Tutto ciò rallenta, anzi blocca, l’ascensore sociale dell’american dream. E le dinamiche sociali si congelano. Avviene in USA così come avviene in Italia. Non c’è da stupirsene, visto che gli assetti di potere sono quelli che sono, e chi detiene il bastone tende a conservarne l’impugnatura, anche a costo di mettere in ginocchio il resto della società e creare un problema gigantesco in termini di capitale umano e coesione sociale. Se ci si fermasse al ‘realismo’, ossia a dire: non si può cambiare nulla, i rapporti di forza sono quelli che sono, non c’è alternativa alle regole del capitalismo finanziario e, al più, possiamo aspirare ai posti di chi sta meglio di noi senza mettere in campo ‘rischiose’ rivoluzioni, se ci si fermasse a questo, certamente Sanders andrebbe considerato un utopista, anzi un demagogo, anzi un arruffapopolo o un vecchio bacucco, e chi più ne ha più ne metta. Ma se nel cervelletto di molti brillasse ancora un’idea di ‘riforma’ sociale (non dico rivoluzione sennò temo l’insonnia o gli incubi notturni di tanti), se si passasse dalla modalità individuale ‘arrampicatore sociale’ a quella sociale ‘mutiamo gli assetti di potere per renderli più giusti’, probabilmente quell’ascensore ripartirebbe, probabilmente ci sarebbero chance per tutti, probabilmente le famiglie potrebbero sostenere un investimento di alta formazione con maggiore serenità e senza rischio di insolvenza. Così per il resto: se pagassero le tasse anche i ricchi, i servizi godrebbero di più risorse, lo Stato sarebbe meno ‘minimo’ e striminzito, ci sarebbe più uguaglianza per tutti, mentre i ricchi, se lo volessero, continuerebbero a servirsi dei loro servizi privati senza turbare i sonni e la vita degli altri.

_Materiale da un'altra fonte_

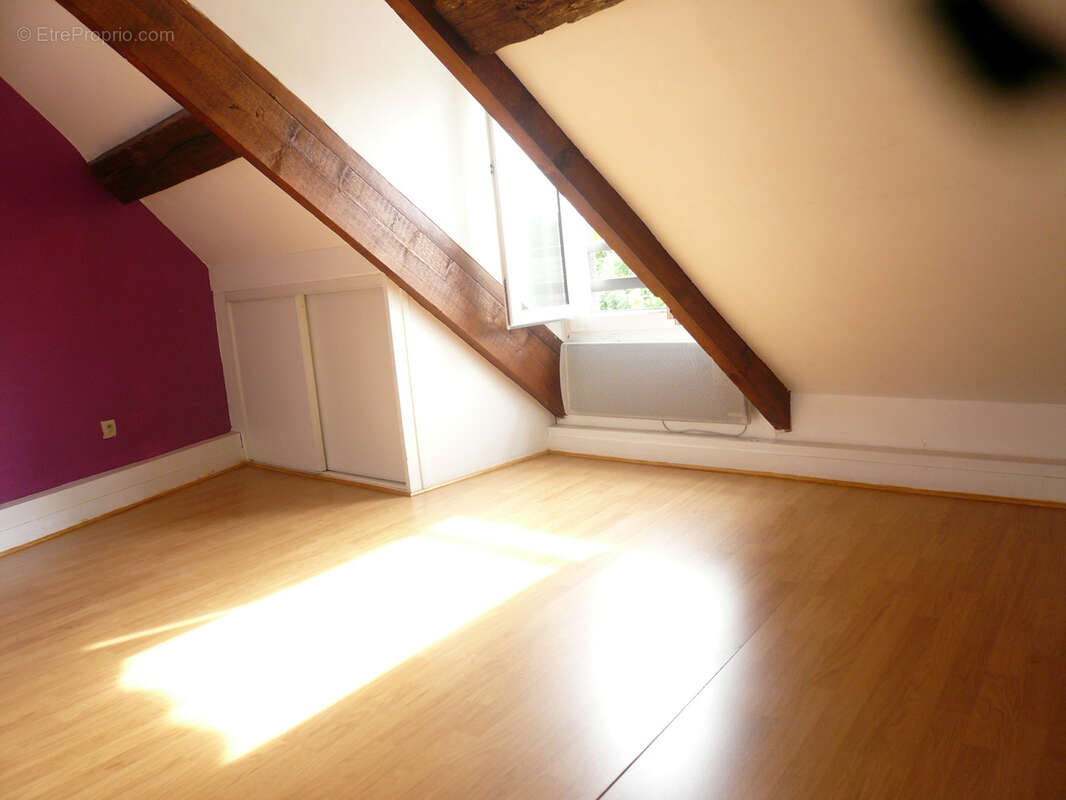 Appartement à COULOMMIERS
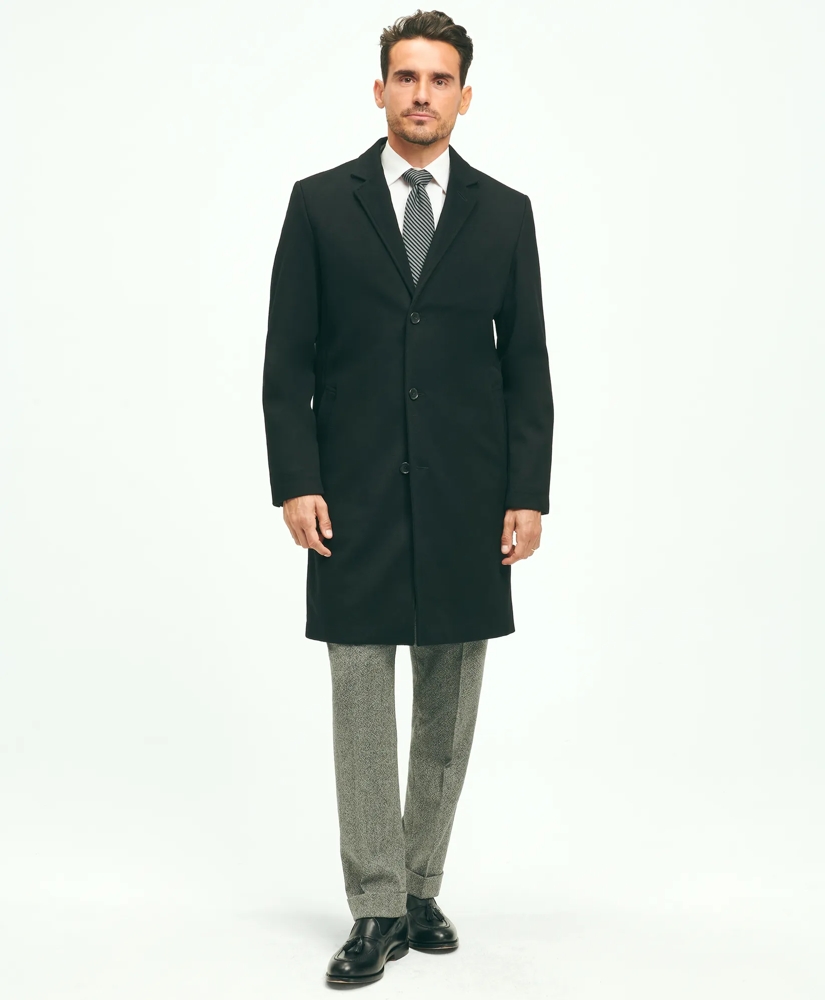 1818 Wool Town Coat, image 6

Ci sono dunque meccanismi sociali e assetti di potere da rimuovere, da ridisegnare. Purtroppo, lo dicevo ieri, non ci stanno pensando i giovani adulti 30-40enni, chiusi in gran parte nella loro retorica “ho studiato per vincere il premio Nobel e dovete assegnarmelo di diritto” (o almeno darmi uno stipendio che surroghi questo mancato trionfo a Stoccolma). Oppure affogati negli effetti del darwinismo sociale e del precariato che mette alla prova anche la capacità di pensiero. Ci devono allora pensare i vecchi aiutati stavolta dai giovanissimi, da quelli che non sono ancora entrati del tutto in certi meccanismi sociali perversi, e ancora resistono alle narrazioni edulcorate, alle ideologie che fanno finta di non esserlo, agli storytelling truffaldini, per i quali anche una semplice indicazione politica di giustizia sociale che farebbe pure bene all’intero sistema è ritenuta utopia. Spiace dirlo, spiace davvero, ma sono i vecchi in combutta con i ventenni a pensare di cambiare il mondo. Corbin, Sanders, e chissà quanti altri se non ci fosse un pregiudizio diffuso e rottamatorio verso gli anziani. Non coloro che si lagnano perché nessuno li retribuisce come vorrebbero. E se c’è un aspetto del conformismo politico e sociale che più mi intristisce, è proprio questo.